Le trumpisme pourrait s'appuyer sur un terme comme le populisme. On le voit aussi arriver en Europe, avec l'arrivée des extrêmes. C'est une façon de faire de la politique sur la peur des autres, des individus, des croyances. En fait, c'est une rhétorique incendiaire qui permet de diviser la population en s'en prenant à un ennemi interne. Ceci est calculé pour affaiblir les grands partis qui ont toujours fédéré. On peut comparer cela en France avec ce qui se passe avec la montée du Front national et l'affaiblissement du centre et des grands partis politiques comme la gauche et la droite.

Évidemment, en tant qu'enseignante à Sciences Po, en spécialisation philosophie politique, j'ai hâte de retrouver mes étudiants pour pouvoir échanger autour de tout cela. Aujourd'hui, nous sommes confrontés à la réalité sanitaire avec le coronavirus et les cours à distance.

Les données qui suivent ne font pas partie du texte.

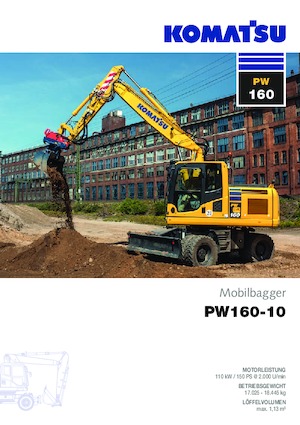 Koparki kołowe Komatsu PW160-10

Mais je les retrouverai en cours en avril prochain normalement en "direct" et je pense que nous aurons encore à en parler.

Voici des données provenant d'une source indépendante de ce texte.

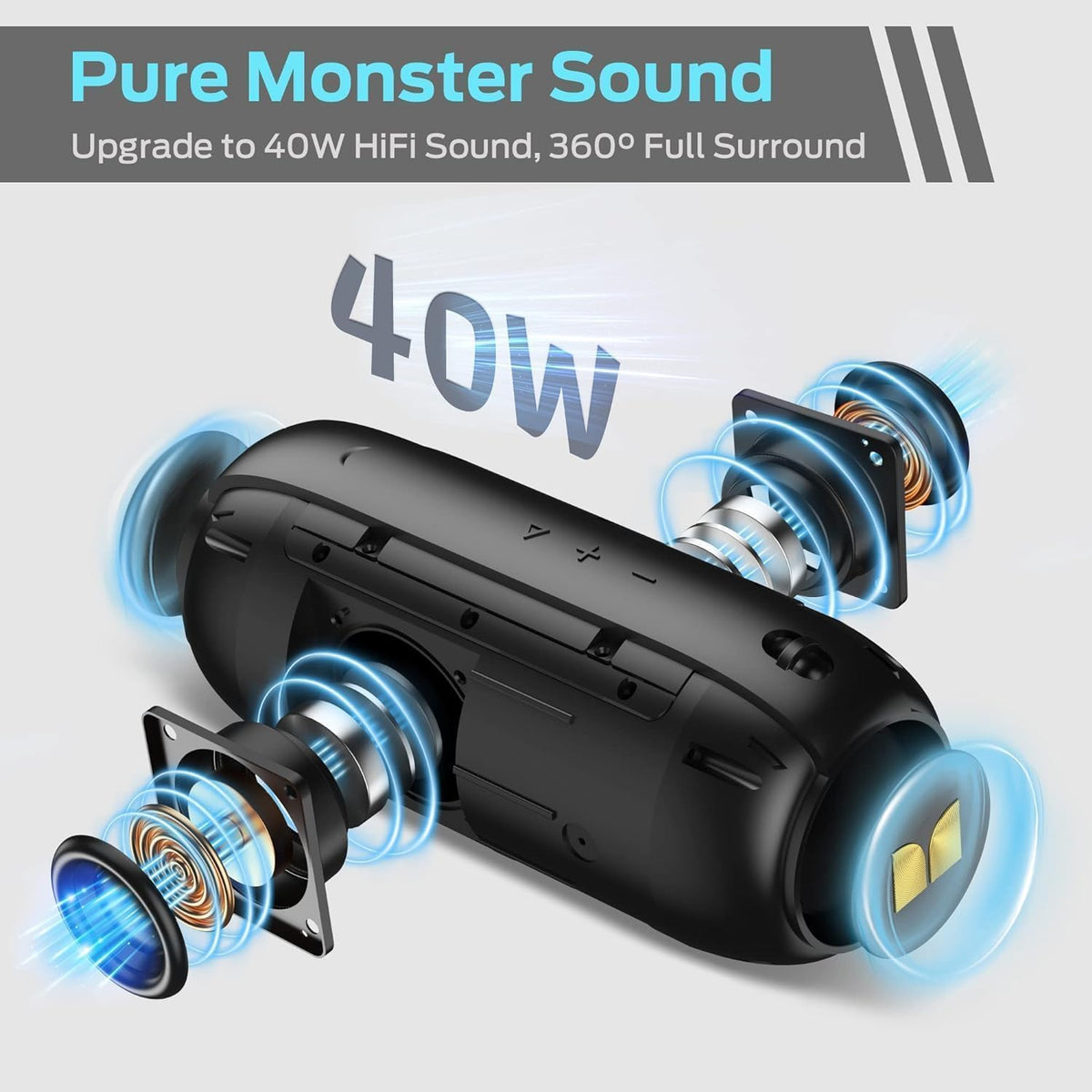 Monster S320 Bluetooth Speaker, 40W True Wireless,360° Stereo Sound Effect,IPX7 Waterproof, 32 Hour Playing Time,Suitable for Outdoor Portable Speaker (Black).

En avril, Joe Biden sera bien installé dans ses fonctions de président. Vous croyez que d'ici le printemps, les esprits ne vont pas se calmer ?

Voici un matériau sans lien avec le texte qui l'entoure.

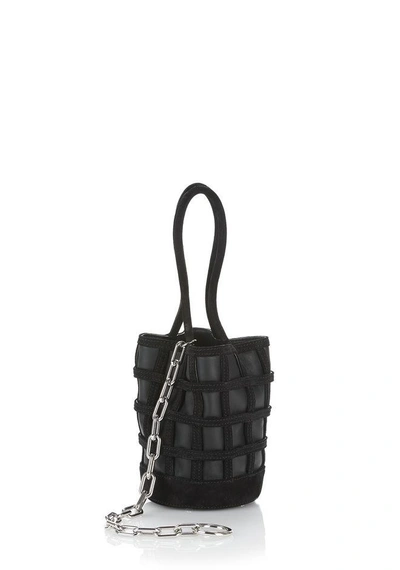 Shop Alexander Wang Caged Roxy Mini Bucket In Black With Rhodium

CCP : Joe Biden aura du pain sur la planche lors de son mandat. J'en parle beaucoup avec ma famille aux Etats-Unis, car ce qui vient de se passer n'est pas rien. Il y a beaucoup de violences exprimées dans cette prise du Capitole. Même si heureusement, la vie continue, les Américains ne comprennent pas ce tournant de cet extrême qui s'exprime. La date de l'investiture du 20 janvier inquiète beaucoup. On a peur des violences qui pourraient y avoir ce jour-là. Et au-delà de cette date, Joe Biden aura une tâche énorme qui sera de réunifier ce pays divisé.

Etes-vous fière d'être américaine en ce moment et est-ce que vous en parlez avec vos collègues rémois et votre famille en France ?

CCP : L'amitié qui unit la France et les Etats-Unis est bien installée et sincère. En ce qui me concerne, cela fait plus de vingt ans que je vis en France même si toute ma famille vit aux Etats-Unis et que j'y retourne régulièrement. J'ai épousé un Français et nous avons un enfant. Depuis quelques années, j'ai la double nationalité. À la maison, nous en parlons bien-sûr, mais comme avec mes collègues. En ce qui me concerne, je me souviens qu'en 2016, lorsque Trump avait remporté les élections, ce sont mes élèves de Sciences Po Reims qui m'ont aidé à m'en remettre. Pour moi, son élection était l'annonce d'une Amérique menaçante, avec un personnage à sa tête, qui légitime la violence. Cela me rappelle les affrontements, en 2017, qui se sont déroulés à Charlottesville, où une militante antiraciste a été assassinée par un suprémaciste blanc. Trump, au lieu de condamner cet acte, a envoyé un signal fort vers eux pour les légitimer. Et ce sont ces mêmes suprémacistes qui ont investi la Capitole le 6 janvier dernier. C'est tout le ton du mandat de Trump qui trouve son paroxysme dans l'invasion du Capitole.

Pour ma part, je suis fière d'être américaine, mais je rejoins l'analyse de Barack Obama, qui regrette que la fonction de Président des Etats-Unis, n'ait pas permise à Donald Trump de prendre de la hauteur. Il bafoue la fonction et continue à le faire en disant qu'il sera absent le jour de la passation de pouvoir, le 20 janvier.

Nos étudiants, à Sciences-Po, assistent à l'installation d'un mouvement politique, " le trumpisme" et il a de beaux jours devant lui, quand on s'aperçoit que 45 % des républicains soutiennent encore Donald Trump. Si le président sortant est poursuivi et condamné, il sera inéligible, mais derrière, il y a son fils. On assiste à une dynastie comme celle des Bush ou des Kennedy. Des familles qui héritent de la présidence. Donc, oui, je pense que nous aurons l'occasion de discuter en présentiel, avec nos étudiants , du mandat de Joe Biden qui s'annonce chargé et menacé par les pro-trump qui sont présents, partout, même en France et en Europe.